Kevin Jennings is a former teacher and the founder of the Gay, Lesbian and Straight Education Network, also known as GLSEN. He’s won a national Lambda Literary award for his writing and served as an assistant deputy secretary in the Obama Administration’s Education Department, an appointment that was met with protests by social conservatives.
Before any of that, though, he spent nine years in the Winston-Salem and Forsyth County School system before leaving after the 10th grade following a move. He’s now the president of the Tenement Museum in New York City.
He described his years in school here as "a living hell,” being regularly bullied and finding it hard to find support among administrators. The continued abuse almost led him to drop out of high school at Mount Tabor, he said, but instead he transferred to Paisley.
He still remembers the two teachers who stood up for him and made it clear to other students that bullying of any form would not be tolerated in class.
That experience helped shape his career focus on anti-bullying.
“In a lot of ways, we can thank the Winston-Salem/Forsyth County Public Schools for the national safe schools movement,” he says. “Because it was really my experience of being bullied so relentlessly … that led me to dedicate my life to addressing the issue of bullying.”
Sam Sizemore is a senior at Parkland High School. He’s volunteering with North Star Community LGBTQ Center in Winston-Salem, as well as other nonprofit organizations across the state.
Sam also went to Paisley. He was out in middle school as what he describes as “some kind of gay” and wasn’t the only one to be out at the time. He came out as transgender just before 9th grade.
“A lot of my issues have come down to my trans identity and not my identity as a gay person,” he says. “I have experienced a lot of harassment and bullying because of my trans identity.”

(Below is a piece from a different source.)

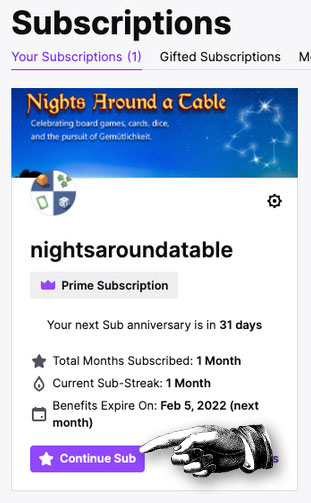 How to subscribe to NAaT on Twitch for Free - Nights Around a Table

He says a lot of the talk about gay identity was less about harassing people for being gay and more about the drama of the dating scene.
It was much different coming out as transgender.

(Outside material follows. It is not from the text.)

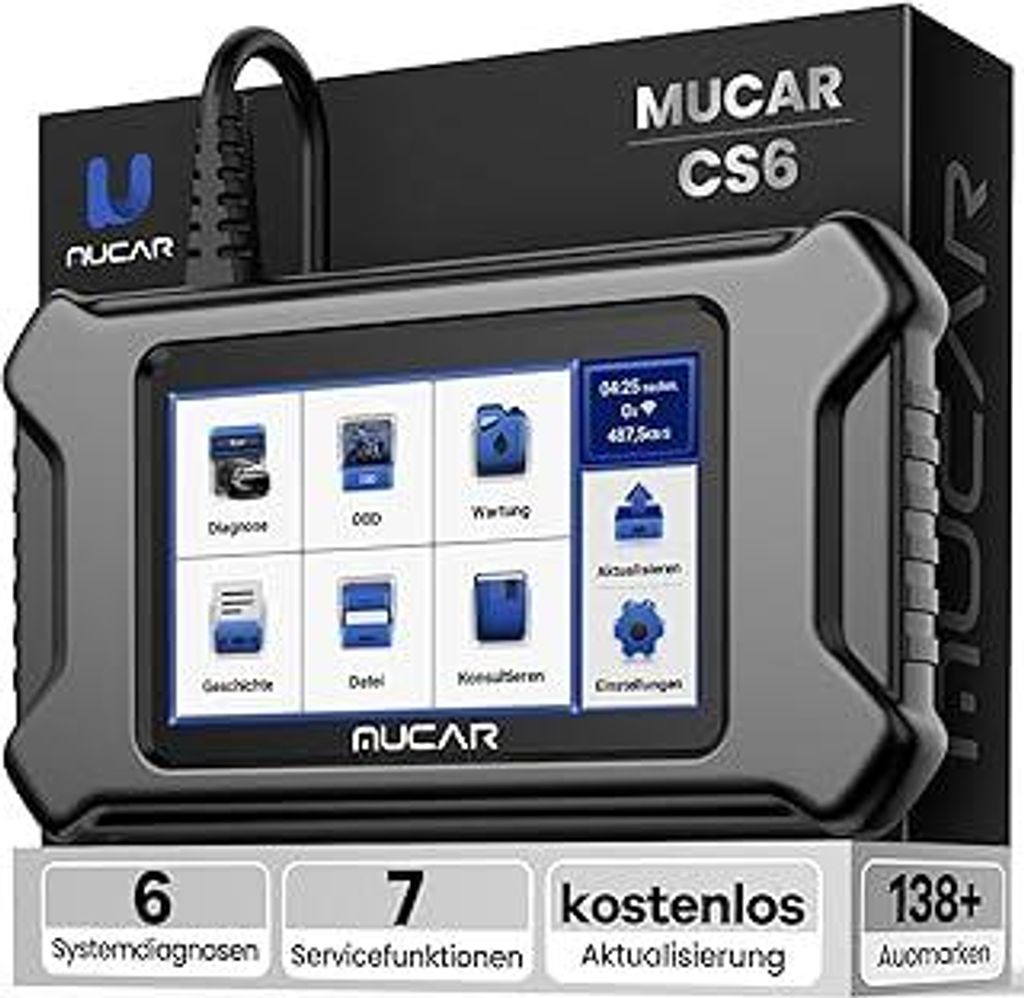 OBD2 Diagnosegerät, MUCAR CS6 Diagnosegerät Auto Mit 6 System(ECM/TCM/ABS/SRS/TPMS/BCM) + 7 Reset-Funktion(Öllampen/EPB/SAS/TPMS/TBA/ETS/ABS/DPF...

“It’s a bigger deal, and it’s a much different way to come out,” he says.
But he found support from some teachers, from the local community and from a youth drop-in space in Greensboro.
Jennings graduated from high school in 1981, back before there were any TV shows with gay characters, same-sex relations were still illegal in the state and no one was seriously talking about gay marriage. He also didn’t know of any of his fellow students who were gay.
He says it was impossible to envision a happy life as an LGBT person. The despair led him to a suicide attempt. And although some progress has been made, LGBT youth are still four times more likely to attempt suicide than straight ones, Jennings says, citing CDC data.
Sam says he generally feels safe in the classrooms at Parkland but somewhat less so outside of them. He’d like to see required training for teachers to help build awareness for how to treat LGBT students.
Jennings agrees that there’s a lack of training for teachers and administrators, and in Winston-Salem, funding should not be an issue.
“I will fly at my own expense from New York to Winston-Salem to do the training for the teachers in the system,” Jennings says. “And I’m sure Sam would love be part of that training too, and the people at the local Pride as well. Let’s not hide behind funding as an excuse.”